After the interviews I was ecstatic, and I thought nothing of it when one of the employees joined me in the hallway and walked me outside. It was small talk, it was cold, and I am (by default and especially when I’m eager to get a job) outgoing with strangers.
But then he asked to go for coffee and I was uncertain. And when he asked for my number, I tried to get his instead. He wouldn’t give me his. He wanted the control. I wanted to lie.
But he knew the company, he knew the benefits. He wanted to put in a good word with the CEO.
I wanted to call an Uber. I wanted to go home.
He put his hand on my lower back and stood so close I was aware that while I am tall, he was taller. While I am big, he is bigger.
His arms wrapped around me and he pulled me in, with his eyes shut and his lips chapped.
I pushed his face away. He grabbed tighter.
“You don’t want to kiss me?”
He tried again and I shoved him back.
“I’m shaking,” he said. “I’ve never done something like that.”
My fists clenched, and suddenly my boots were too high, and why was I walking down the dirt hill instead of the paved stairs? My hands were shaking and suddenly I didn’t know how to get home.
After a job interview, you send a thank you email. You wait to see if they saw the potential in you. You follow up. You get the job, or you don’t.

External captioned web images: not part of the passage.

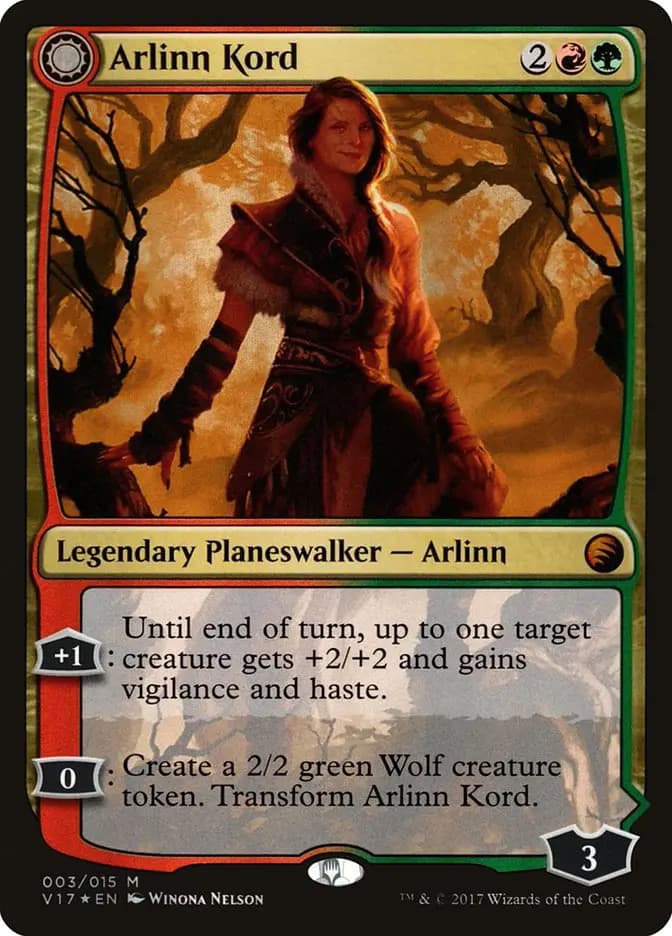 Card image of Arlinn Kord / Arlinn, Embraced by the Moon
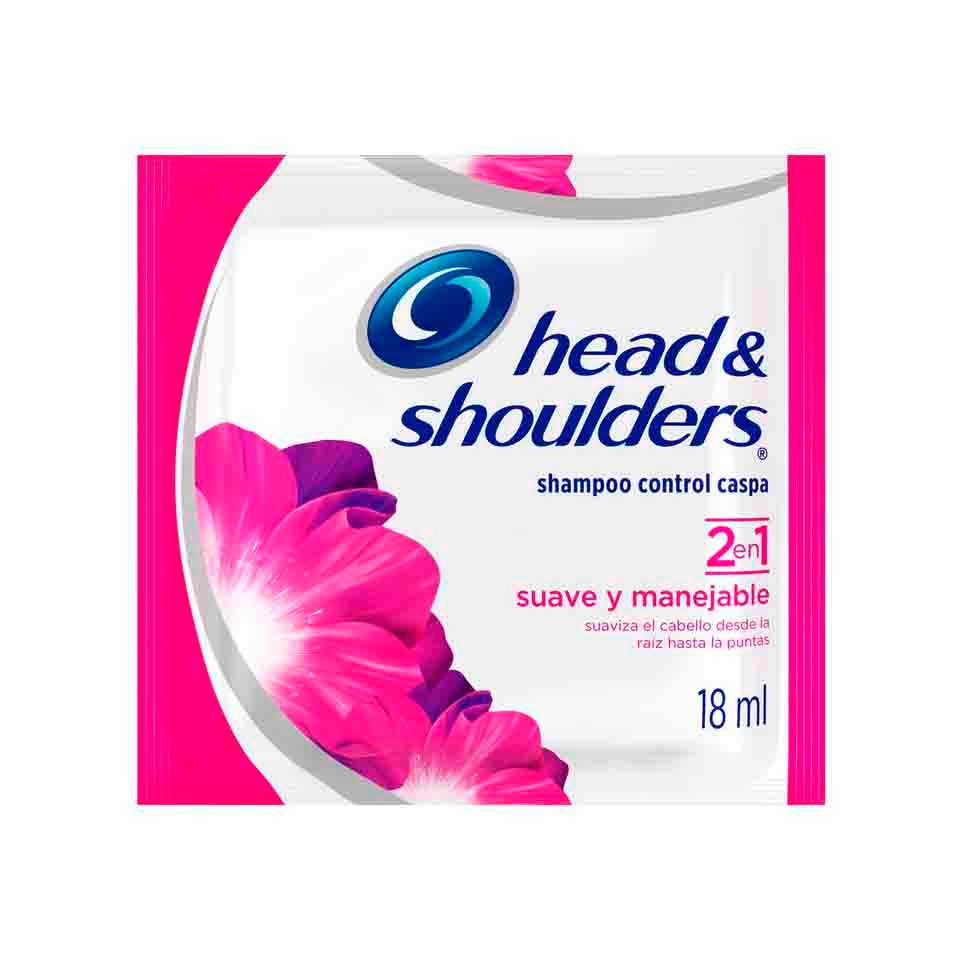 Shampoo Head & Shoulders Suave y Manejable Sachet 18 ML Boticas Pao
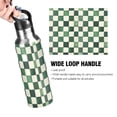 thumbnail image 4 of Yayeee 20oz Insulated Water Bottle Double Wall Stainless Steel with Flip Straw Lid, Green and White Plaid Pattern, 4 of 7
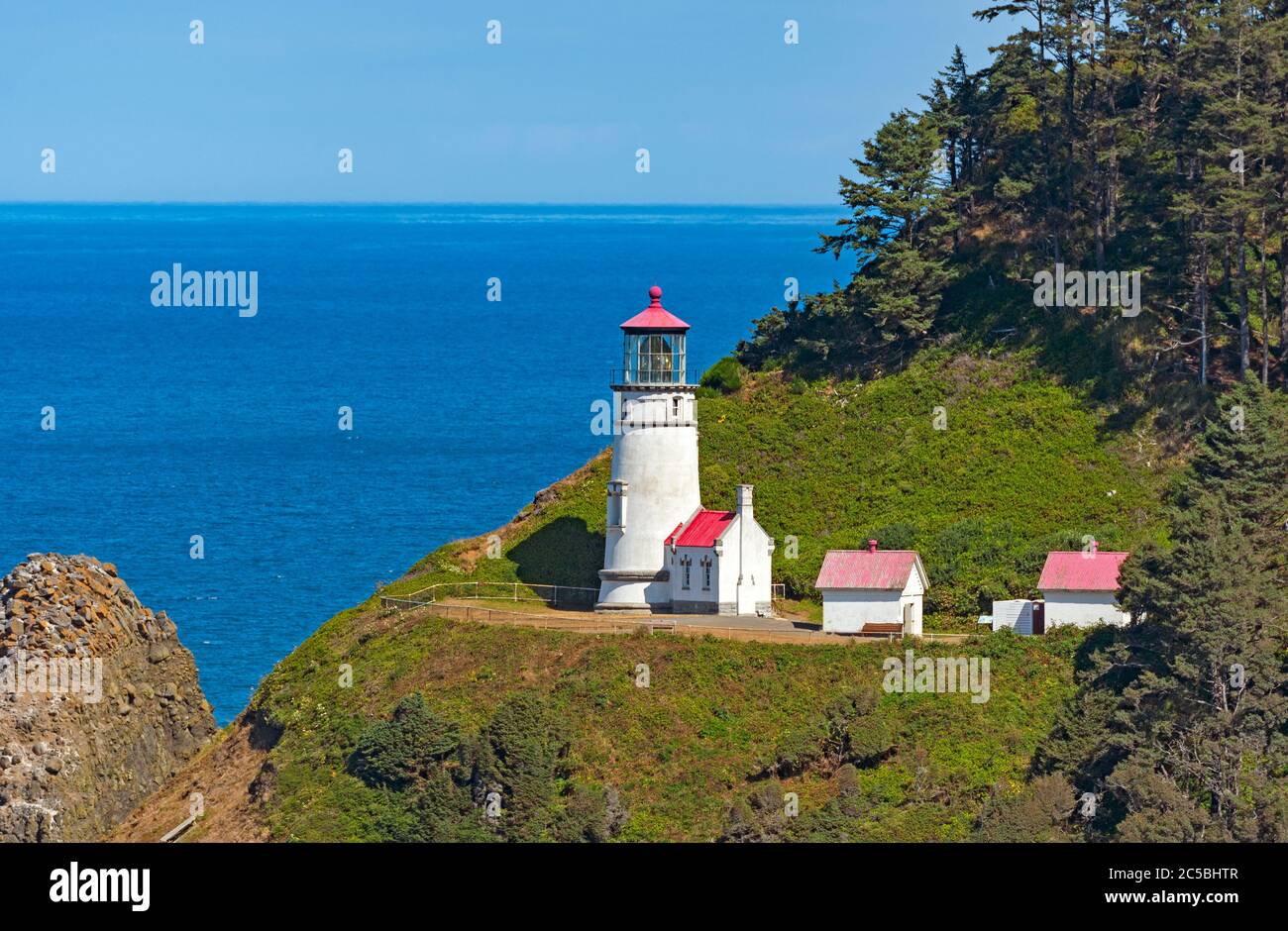 Phare de Heceta Head sur la côte Pacifique près de Florence, Oregon Banque D'Images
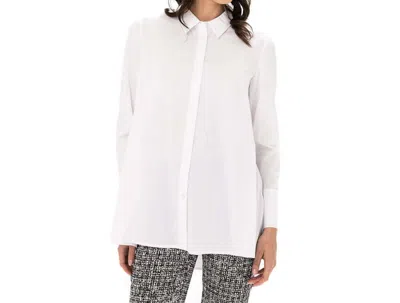 Renuar Collared Top In Spa In White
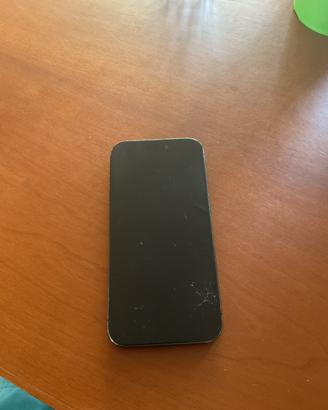 iPhone 15 Pro 256GB schermo danneggiato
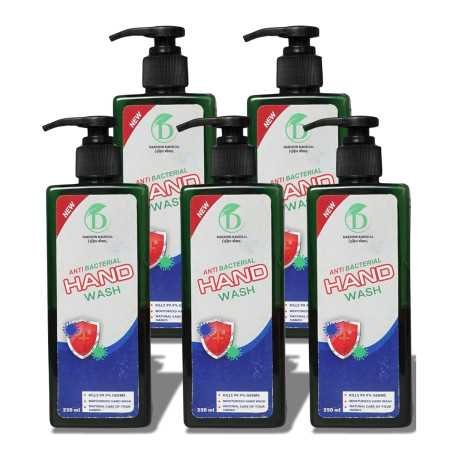 DAKSHIN KAUSHAL Hand Wash 250 ml (5 Pack) | Total Clean Experience with Invigorating Scent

It was so nice to meet me, he hopes I get hired, he told the CEO how great I am.
After this job interview, I cried on the phone to my friend. I asked another friend for advice, and he warned me that telling the company could ruin my chances at getting the job and I had to accept that. I should not have had to accept that, but I did. And then I cried in a Tim Horton’s as I called the company, knowing I was messing up my chance at what I saw as a dream job.
After this job interview, I filed a police report and had two officers come to my apartment. They sat very far away from me and asked me a lot of questions and I tried my best not to cry because I wanted to be taken seriously.
My follow-up emails consisted of legal documents and investigations. There are no email templates online to help you with an email like this. Would I even want to work there? I don’t know, but I was never given the option.
There was no mention of my application, my experience, my effort in the interview process.
So where did that leave me?
I was a wreck.
I have been sexually assaulted four times.
Three times when I was in university, two times when I was drunk, and once by someone I knew.
Not once by the same person, in the same place, or during the same year.
But this hit a little harder. Maybe it was the daytime, or the idea that a workplace should feel “safe.”
When I was assaulted in a club, on a night out, in a guy’s car, it wasn’t acceptable. But discussing it, unfortunately, led to a lot of women understanding because they had been in the same situation. People just “got it” because that’s where stuff like this happens. Not in a parking lot outside of an office on a Thursday afternoon. And why was it this time that I felt more ashamed after?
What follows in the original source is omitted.